KG, Beschl. 14.5.2024 - 1 VA 13/24

Anerkennung einer Ehescheidung eines Rabbinatsgerichts/Israel

Autor: Priv.-Doz. RA Dr. Peter Finger, FAFamR, zertifiz. Mediator, Frankfurt/M.
Aus: Familien-Rechtsberater, Heft 08/2024
Die Anerkennung einer in Israel mittels Übergabe des Scheidebriefs durch den Ehemann und dessen Annahme durch die Ehefrau erfolgten Ehescheidung scheidet aus, wenn wegen der – auch – deutschen Staatsangehörigkeit eines Ehegatten das deutsche Scheidungsstatut anzuwenden ist. Daran ändert es nichts, wenn die Ehescheidung einverständlich unter Beteiligung des Rabbinatsgerichts erfolgt ist.

BGB § 1564; EGBGB Art. 17 Abs. 2 n.F.; FamFG § 107; VO Nr. 1259/2010 (Rom-III-VO) Art. 8

Das Problem

Die Beteiligten, beide israelische Staatsangehörige, wobei die Ehefrau (F.) auch die dt. Staatsangehörigkeit besitzt, haben 2015 in Israel die Ehe geschlossen, die dort im Amt des Rabbinats eingetragen ist. 2018 zogen sie nach B./Deutschland. Seit 18.3.2020 lebt F. wieder in Israel. Allerdings blieb sie bis 18.10.2021 in der bisherigen Ehewohnung in B. gemeldet. Im Urteil des Rabbinatsgerichts in Jerusalem aus 2021 ist festgehalten, dass sich der Ehemann (M.) von seiner Ehefrau unter Beteiligung von zwei Zeugen mit einem Scheidebrief hat scheiden lassen, wobei die Vorgänge beim zuständigen Rabbinatsgericht in der notwendigen Form registriert sind. Mit Schreiben v. 23.7.2023 hat M. bei der Senatsverwaltung in B. Anerkennung der Ehescheidung beantragt, aber sein Antrag wurde zurückgewiesen. Innerhalb der in § 107 Abs. 7 S. 3, § 63 Abs. 1 FamFG vorgesehenen Frist hat er Antrag auf gerichtliche Entscheidung beim zuständigen Zivilsenat des OLG gestellt, § 107 Abs. 6 S. 1 und Abs. 7 S. 1 FamFG.

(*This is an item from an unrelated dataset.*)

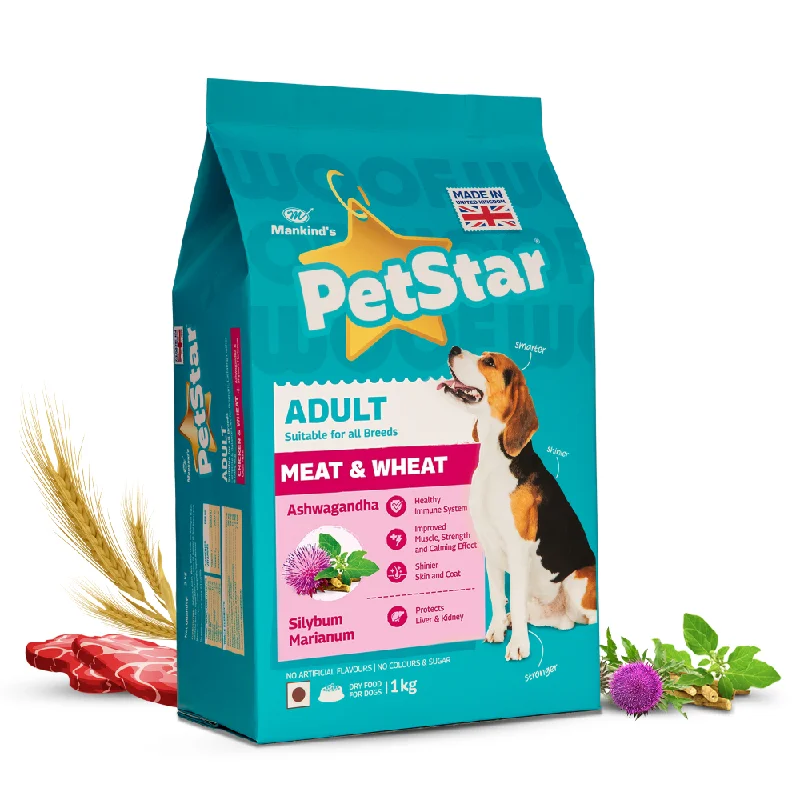 - Automatic induction pet water dispenserMankind Petstar Meat and Wheat Adult Dog Dry Food - Automatic induction pet water dispenserMankind Petstar Meat and Wheat Adult Dog Dry Food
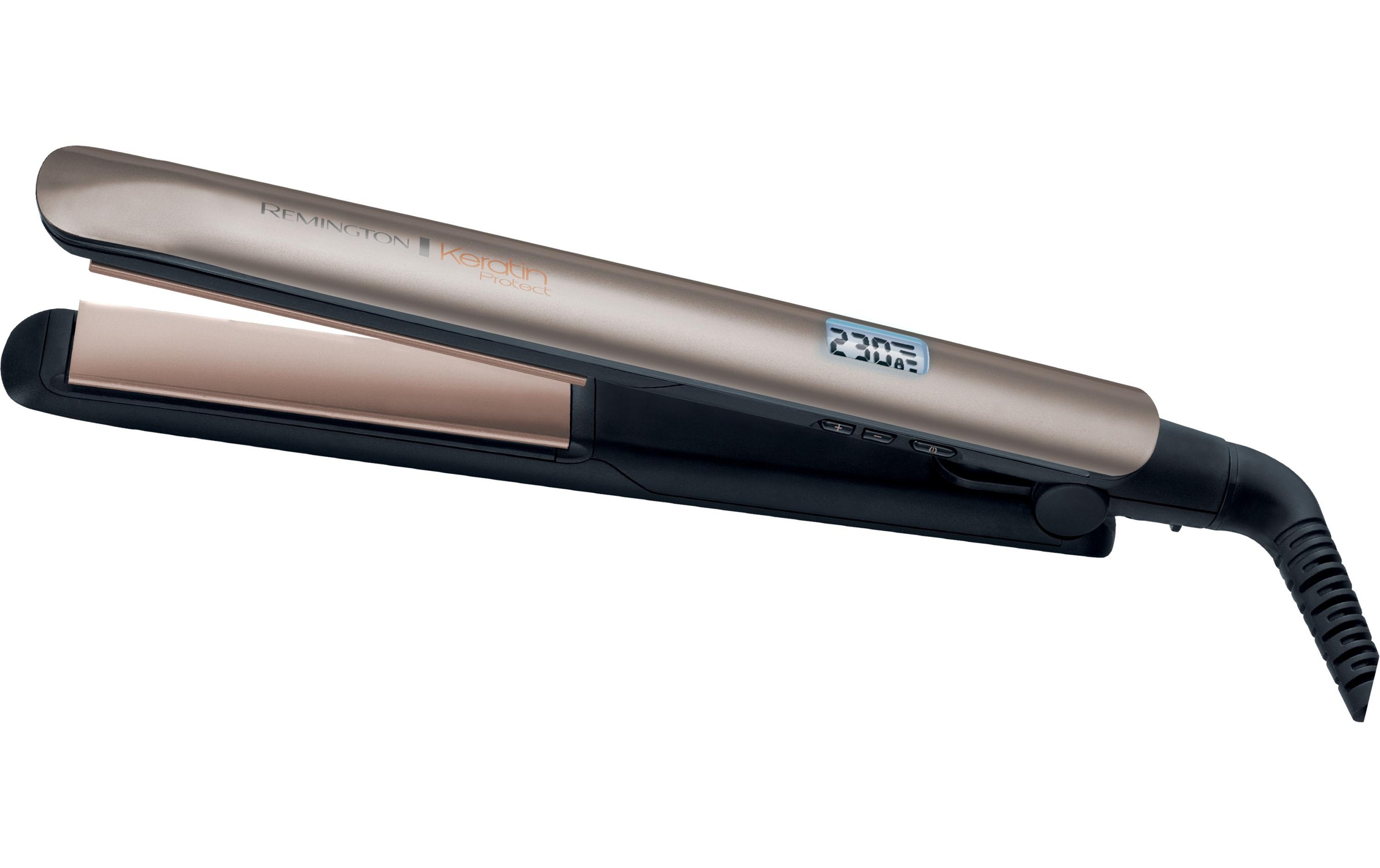 Remington Beige S8540 Keratin Protect Haargltter, Keramik, 9 Temperaturstufen - Image 11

Die Entscheidung des Gerichts

Das KG weist den Antrag zurück. Rechtsbeschwerde ist nicht zugelassen.

Grundlage für die Anerkennung ausländischer Ehescheidungen ist § 107 FamFG, wobei das KG für Behördenscheidungen § 108 FamFG und für Anerkennungshindernisse § 109 FamFG erwähnt. Auch reine Privatscheidungen, und die Vorgänge in Israel durch Übergabe des Scheidungsbriefes durch den Mann an die Frau sei als Privatscheidung einzustufen, seien grundsätzlich anerkennungsfähig. Dann sei allerdings eine weitere inhaltliche Prüfung notwendig, weil „die Anerkennungsfähigkeit ... anhand der materiellen Voraussetzungen des kollisionsrechtlich berufenen Scheidungsrechts zu beurteilen sei“ (BGH v. 26.8.2020 – XII ZB 158/18 – Sahyouni, FamRZ 2020, 1811 [1812] mit Anm. Wall = FamRB 2020, 471 [Dimmler]; KG v. 1.12.2020 – 1 VA 1001/20, FamRZ 2021, 504 = StAZ 2021, 210 [211]), selbst wenn die „Ordnungsmäßigkeit des rechtsgeschäftlichen Scheidungsakts in einem gerichtsförmigen Verfahren überwacht“ gewesen sein sollte, BGH, FamRZ 2020, 1811 (1812).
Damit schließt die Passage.